I've been building systems like what the OP is using since gpt3 came out.

This is the honeymoon phase. You're learning the ins and outs of the specific model you're using and becoming more productive. It's magical. Nothing can stop you. Then you might not be improving as fast as you did at the start, but things are getting better every day. Or maybe every week. But it's heaps better than doing it by hand because you have so much mental capacity left.

Then a new release comes up. An arbitrary fraction of your hard earned intuition is not only useless but actively harmful to getting good results with the new models. Worse you will never know which part it is without unlearning everything you learned and starting over again.

I've had to learn the quirks of three generations of frontier families now. It's not worth the hassle. I've gone back to managing the context window in Emacs because I can't be bothered to learn how to deal with another model family that will be thrown out in six months. Copy and paste is the universal interface and being able to do surgery on the chat history is still better than whatever tooling is out there.

Unironically learning vim or Emacs and the standard Unix code tools is still the best thing you can do to level up your llm usage.

First off, appreciate you sharing your perspective. I just have a few questions.

> I've gone back to managing the context window in Emacs because I can't be bothered to learn how to deal with another model family that will be thrown out in six months.

Can you expand more on what you mean by that? I'm a bit of a noob on llm enabled dev work. Do you mean that you will kick off new sessions and provide a context that you manage yourself instead of relying on a longer running session to keep relevant information?

> Unironically learning vim or Emacs and the standard Unix code tools is still the best thing you can do to level up your llm usage.

I appreciate your insight but I'm failing to understand how exactly knowing these tools increases performance of llms. Is it because you can more precisely direct them via prompts?

LLMs work on text and nothing else. There isn't any magic there. Just a limited context window on which the model will keep predicting the next token until it decides that it's predicted enough and stop.
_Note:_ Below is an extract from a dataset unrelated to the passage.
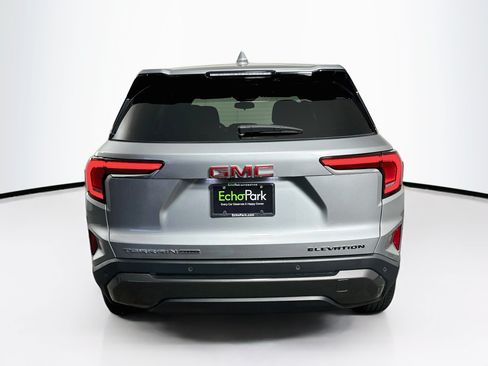 Used 2025 GMC Terrain Elevation AWD/4WD image 7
All the tooling is there to manage that context for you. It works, to a degree, then stops working. Your intuition is there to decide when it stops working. This intuition gets outdated with each new release of the frontier model and changes in the tooling.

The stateless API with a human deciding what to feed it is much more efficient in both cost and time as long as you're only running a single agent. I've yet to see anyone use multiple agents to generate code successfully (but I have used agent swarms for unstructured knowledge retrieval).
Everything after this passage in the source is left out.